- _What the task requires_
Below are some records. Write out exactly their lines from the one with "A man checks" through the one with "A pot filled", and leave the pictures behind.

- _Provided records_
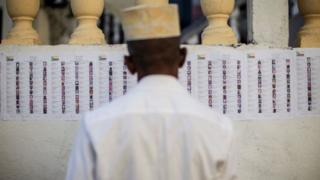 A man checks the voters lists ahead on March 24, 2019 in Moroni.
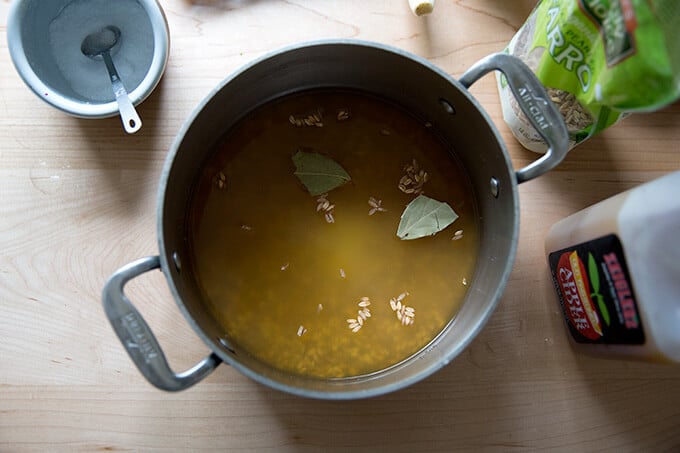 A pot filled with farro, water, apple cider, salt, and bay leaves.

==

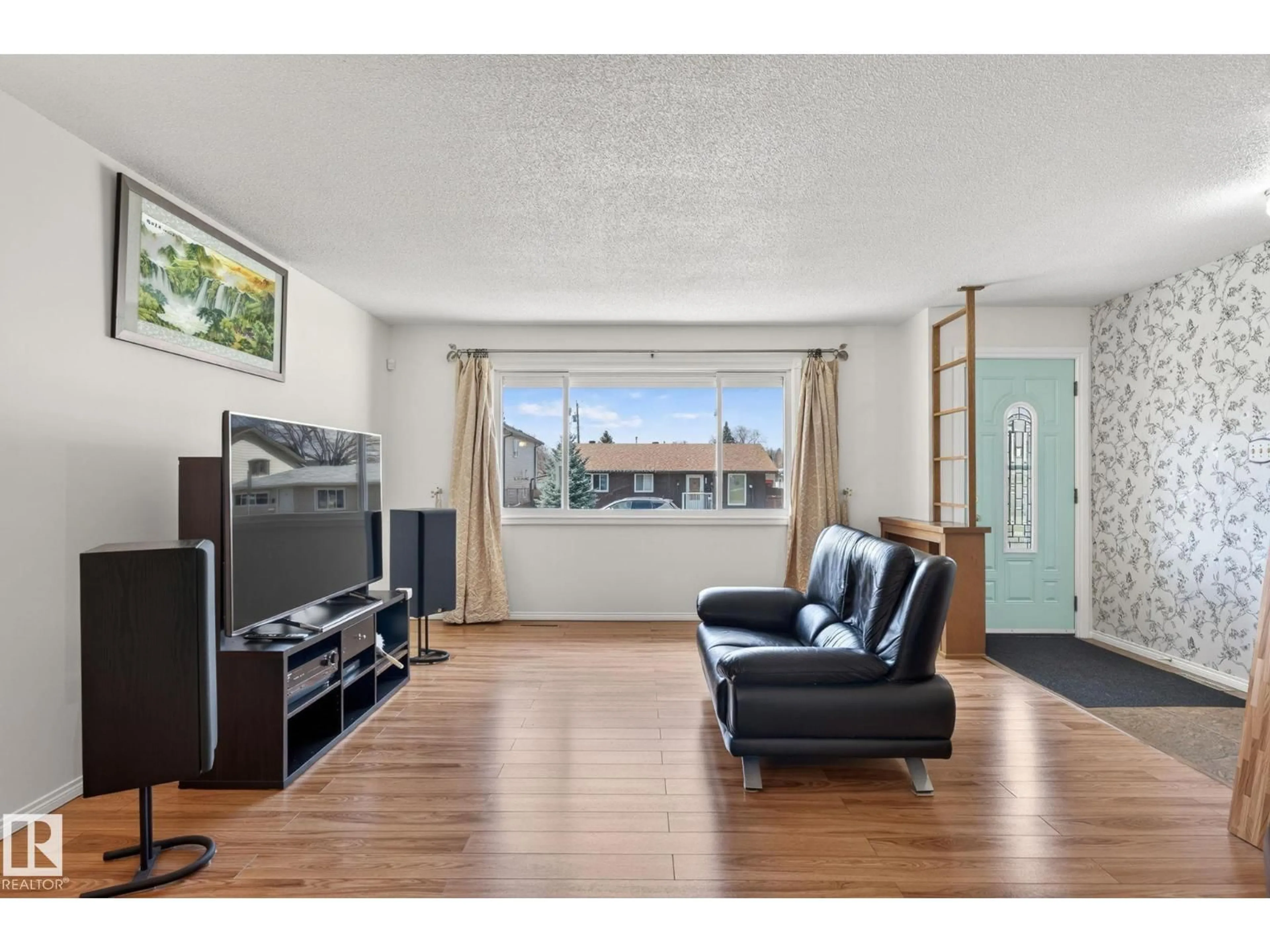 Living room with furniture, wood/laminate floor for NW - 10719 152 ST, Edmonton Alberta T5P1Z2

- _Your solution_
 A man checks the voters lists ahead on March 24, 2019 in Moroni.
 A pot filled with farro, water, apple cider, salt, and bay leaves.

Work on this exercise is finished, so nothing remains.